DETROIT — The UAW is eliminating its largest geographical region as part of its cleanup from the fallout of a federal investigation that exposed a lengthy pattern of corruption within the region's past leadership.
Region 5, which covers 17 states in the western and southwestern U.S., will be merged into the adjacent regions 4 and 8 early next year, the union said Friday.
Region 5's most recent director, Vance Pearson, resigned last month after being charged with money laundering and embezzling union funds. His predecessor was Gary Jones, who resigned last month as president of the union after being implicated in the corruption scandal, though he has not been charged with any crimes.
The union's constitution allows for the International Executive Board to combine regions when a vacancy emerges on the board, as was the case when Pearson resigned. The move will leave the UAW with eight regions, down from as many as 18 when its membership was much larger.
"Today's action was taken in the interest of maintaining continuity in representing and servicing our members," Rory Gamble, whom the board elected Thursday to finish Jones' term, said in a statement. "Both Regions 4 and 8 have been prudently managed, cover wide geographic territories and have proven experience effectively representing UAW members."
Gamble said the consolidations will have no effect on regional staffing, international union programming or the operation of local unions. The change, first reported by The Detroit News, will take effect Feb. 28.

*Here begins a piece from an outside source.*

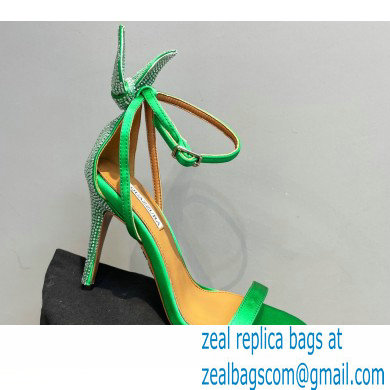 Aquazzura Heel 10.5cm Bow Tie Crystal Sandals Green 2023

As Region 5 director from 2014 through 2018, Jones misappropriated UAW funds to pay for lavish meals, expensive liquor, cigars and lengthy stays at private villas for himself and other union officials, the UAW board said last month as it sought to remove him from office. Jones disguised the expenses as being related to an annual leadership conference in Palm Springs, Calif., and also allowed his daughter to stay in a villa for free after one of the conferences, the board said.
FBI agents raided Pearson's home as well as the Region 5 office near St. Louis in August. The homes of Jones and former President Dennis Williams also were raided.
Aside from the corruption allegations, Region 5 has been weakened by the shutdowns of many of the assembly plants within its boundaries. Among those closed since 2005: General Motors plants in Oklahoma City, Shreveport, La., and Fremont, Calif.; a Ford Motor Co. plant in Hazelwood, Mo.; and two Chrysler plants in Fenton, Mo.